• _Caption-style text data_

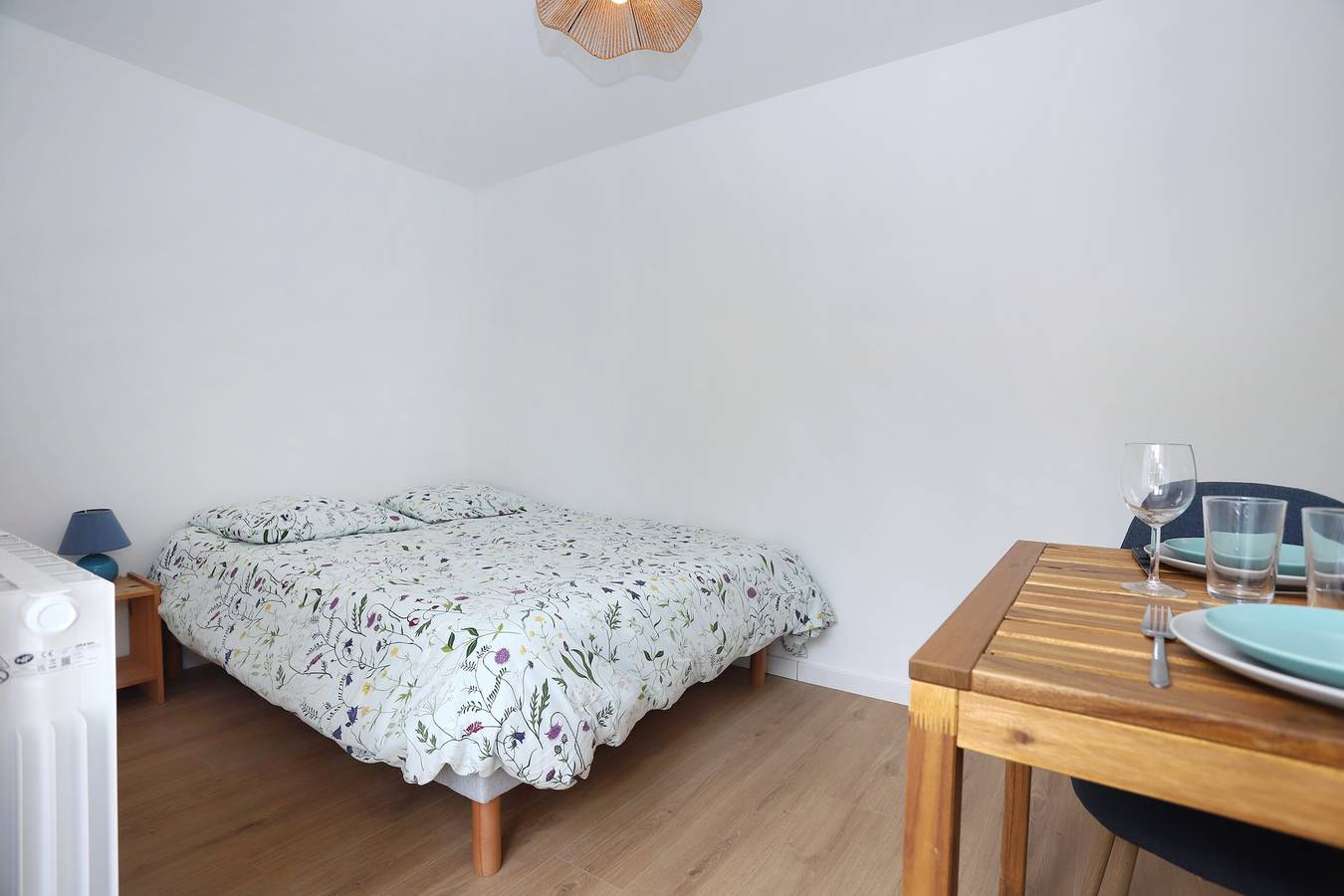 Apartamento entero, Studio Granit - 10 km de la plage & jardin partagé in Dol-de-Bretagne, Región de Saint-Malo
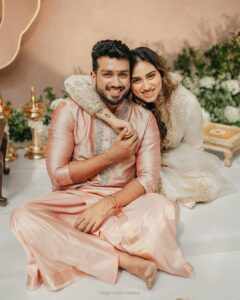 Malavika Jayaram Instagram - Who needs knights in shining armours or flying superheroes when you have a brother… @kalidas_jayaram my constant 😘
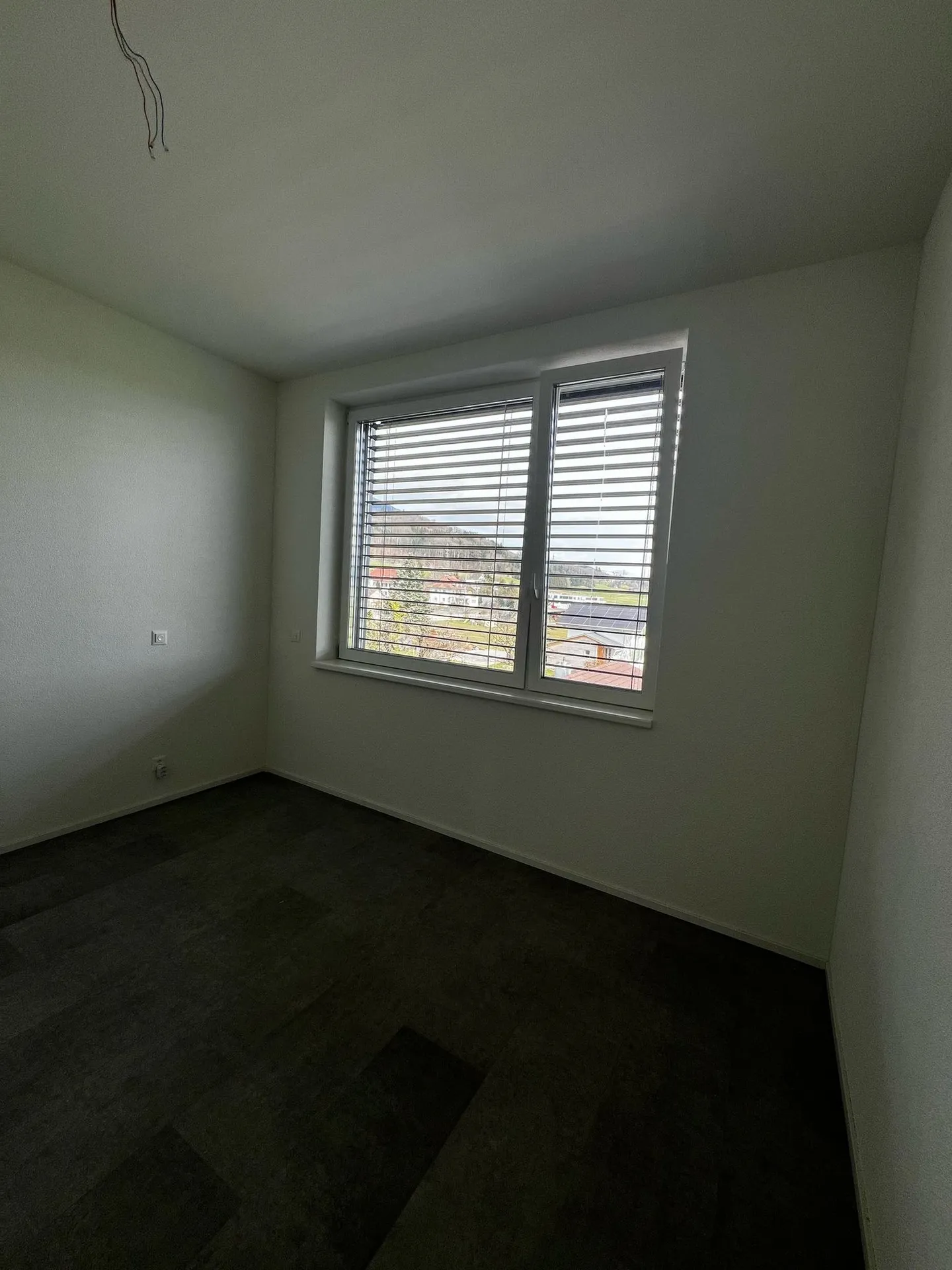 Cool 2 1/2 Room Loft Apartment with Fantastic Views - Photo 8 of 17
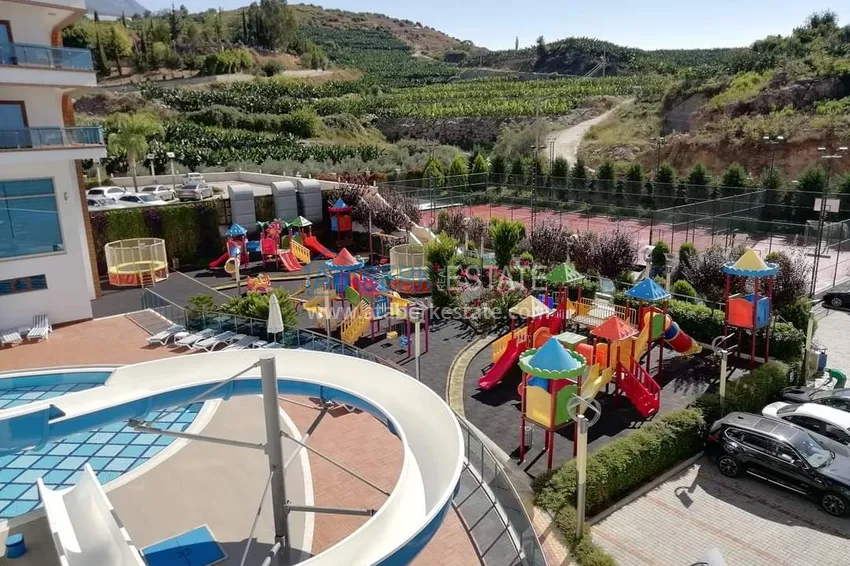 Furnished apartment in Mahmutlar with sea and mountain views 12 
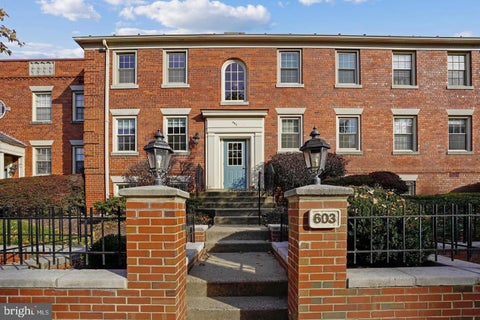 Photo of 603 Bashford Lane #1, ALEXANDRIA, VA 22314 (MLS # VAAX2066142)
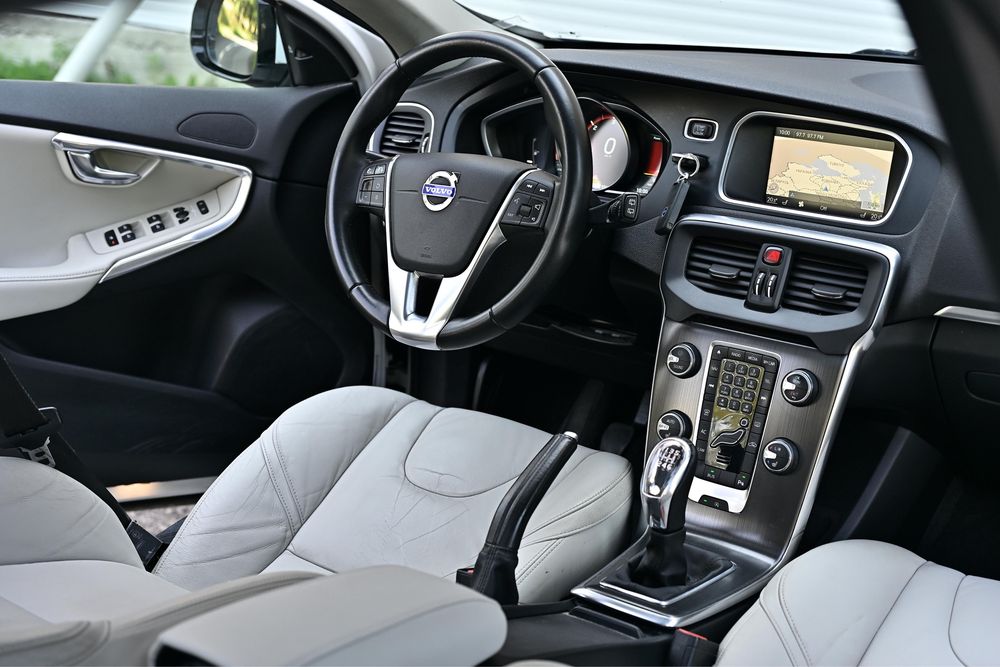 Volvo V40 - D2 - 2013 - Panoramic/Xenon/Keyless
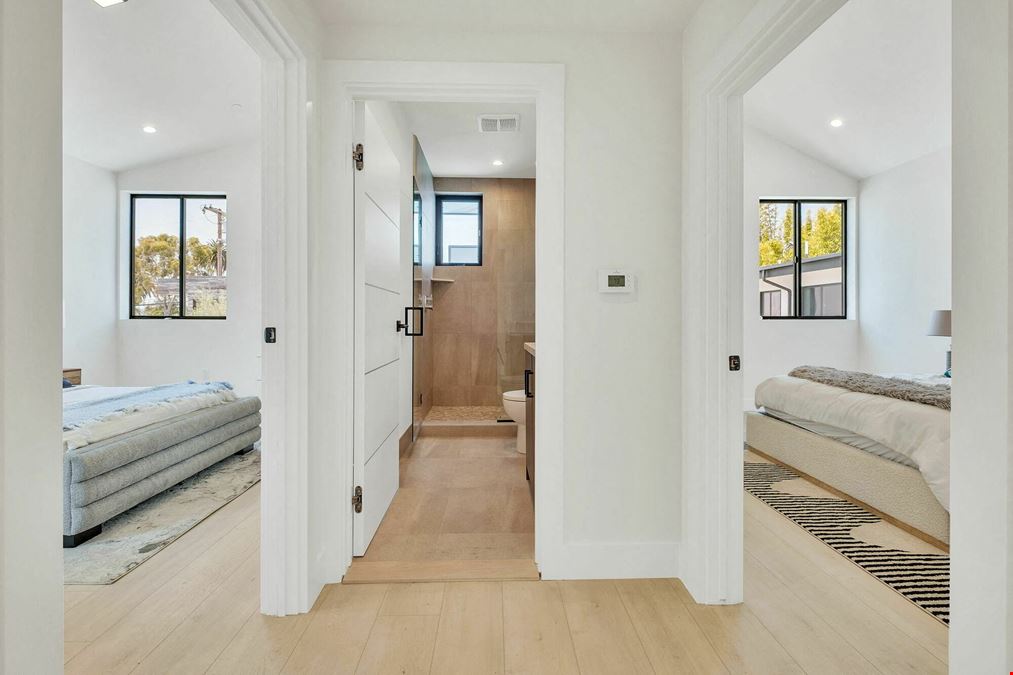 VACANT TWO-UNIT DUPLEX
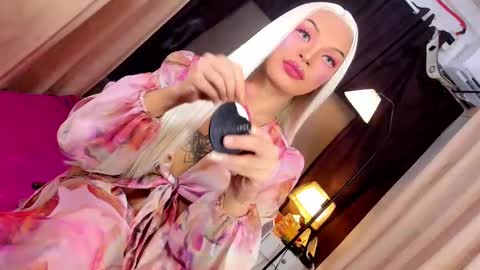 Snapshot of urladyprincessmassivecock chatting on February 2025 09:28:01 PM jhaii online show from February 2025 09:28:01 PM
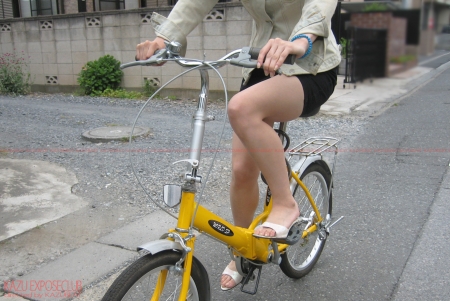 ミニスカートで自転車に乗って色気たっぷり魅力的な美脚お姉さん♪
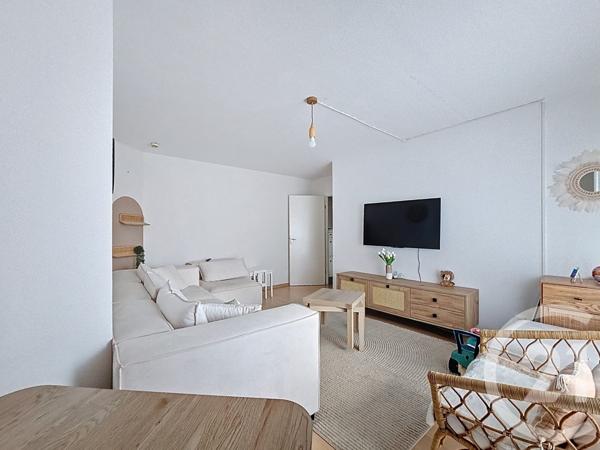 Appartement F3 à vendre  3 pièces - 75,17 m2 LIEUSAINT - 77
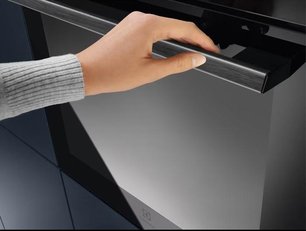 Духовой шкаф Electrolux EOE7C31Z фото 4 в Санкт-Петербурге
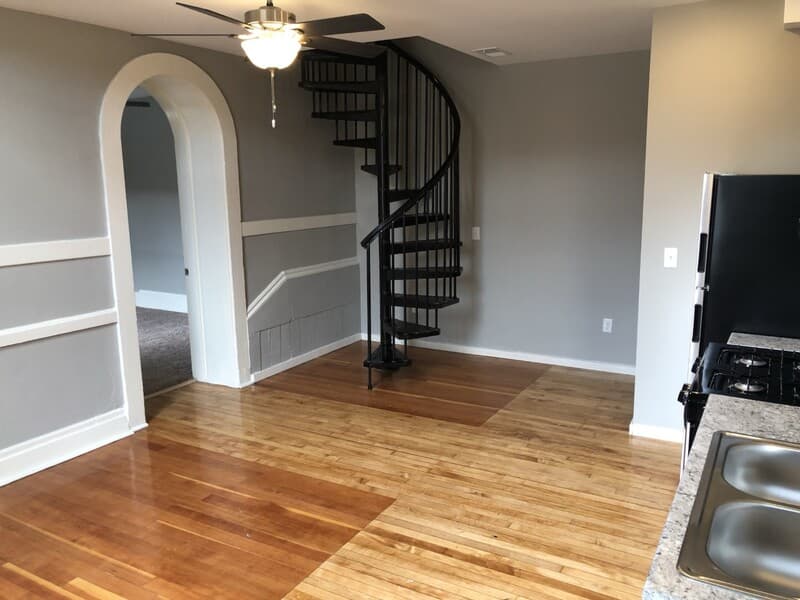 Davenport Condo: 421 Brady St. #10
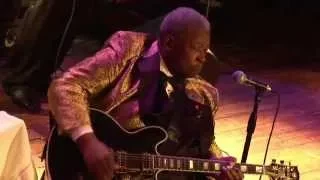 BB King "When Love Comes to Town" Live At Guitar Center's King of the Blues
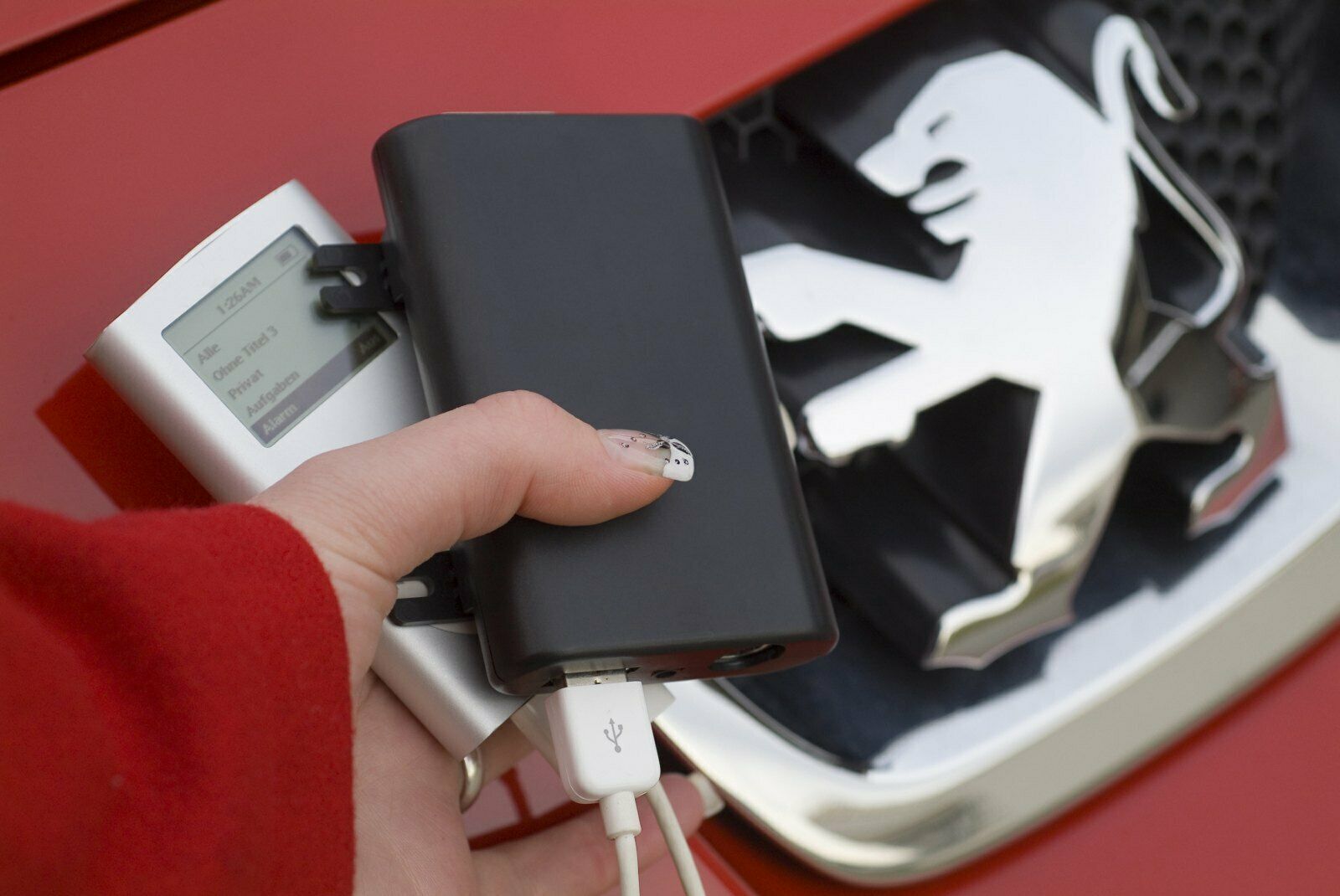 Peugeot Modellprogramm - USB-Box für iPod-Musik aus dem Handschuhfach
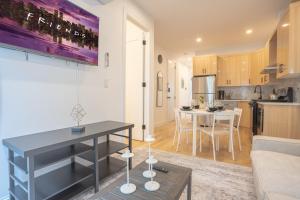 Sunny 3Bd Brooklyn Getaway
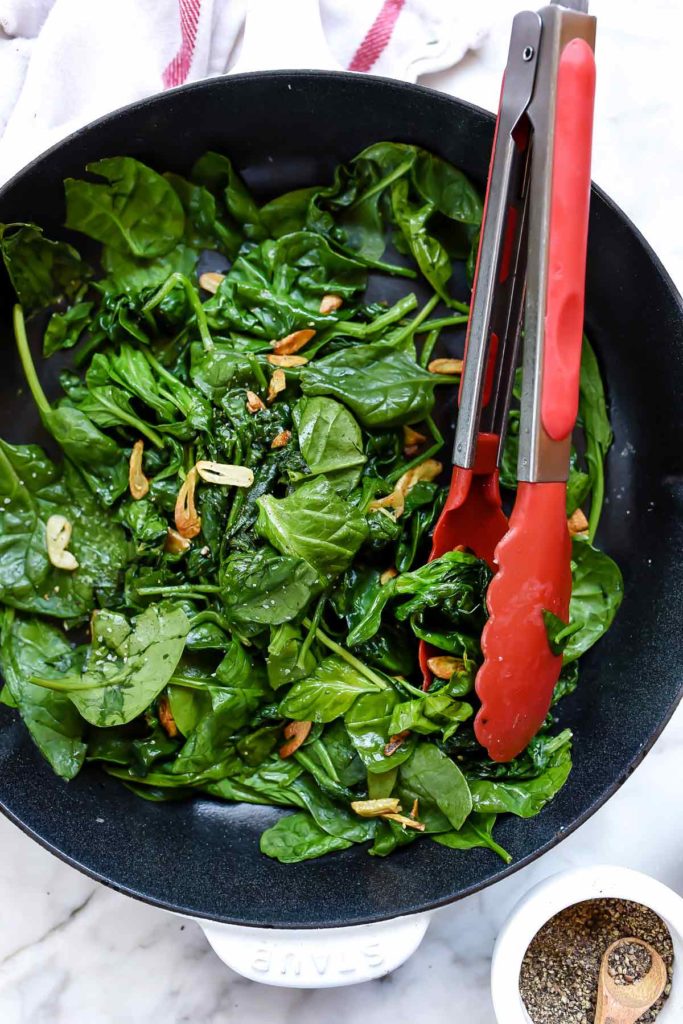 Épinards sautés à l'ail foodiecrush.com #recettes #sidedish #saute #spinach #garlic #healthy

• _WORK TASK_
With the pictures set aside, repeat every entry above exactly.

• _RESULT OF THE TASK_
 Apartamento entero, Studio Granit - 10 km de la plage & jardin partagé in Dol-de-Bretagne, Región de Saint-Malo
 Malavika Jayaram Instagram - Who needs knights in shining armours or flying superheroes when you have a brother… @kalidas_jayaram my constant 😘
 Cool 2 1/2 Room Loft Apartment with Fantastic Views - Photo 8 of 17
 Furnished apartment in Mahmutlar with sea and mountain views 12 
 Photo of 603 Bashford Lane #1, ALEXANDRIA, VA 22314 (MLS # VAAX2066142)
 Volvo V40 - D2 - 2013 - Panoramic/Xenon/Keyless
 VACANT TWO-UNIT DUPLEX
 Snapshot of urladyprincessmassivecock chatting on February 2025 09:28:01 PM jhaii online show from February 2025 09:28:01 PM
 ミニスカートで自転車に乗って色気たっぷり魅力的な美脚お姉さん♪
 Appartement F3 à vendre  3 pièces - 75,17 m2 LIEUSAINT - 77
 Духовой шкаф Electrolux EOE7C31Z фото 4 в Санкт-Петербурге
 Davenport Condo: 421 Brady St. #10
 BB King "When Love Comes to Town" Live At Guitar Center's King of the Blues
 Peugeot Modellprogramm - USB-Box für iPod-Musik aus dem Handschuhfach
 Sunny 3Bd Brooklyn Getaway
 Épinards sautés à l'ail foodiecrush.com #recettes #sidedish #saute #spinach #garlic #healthy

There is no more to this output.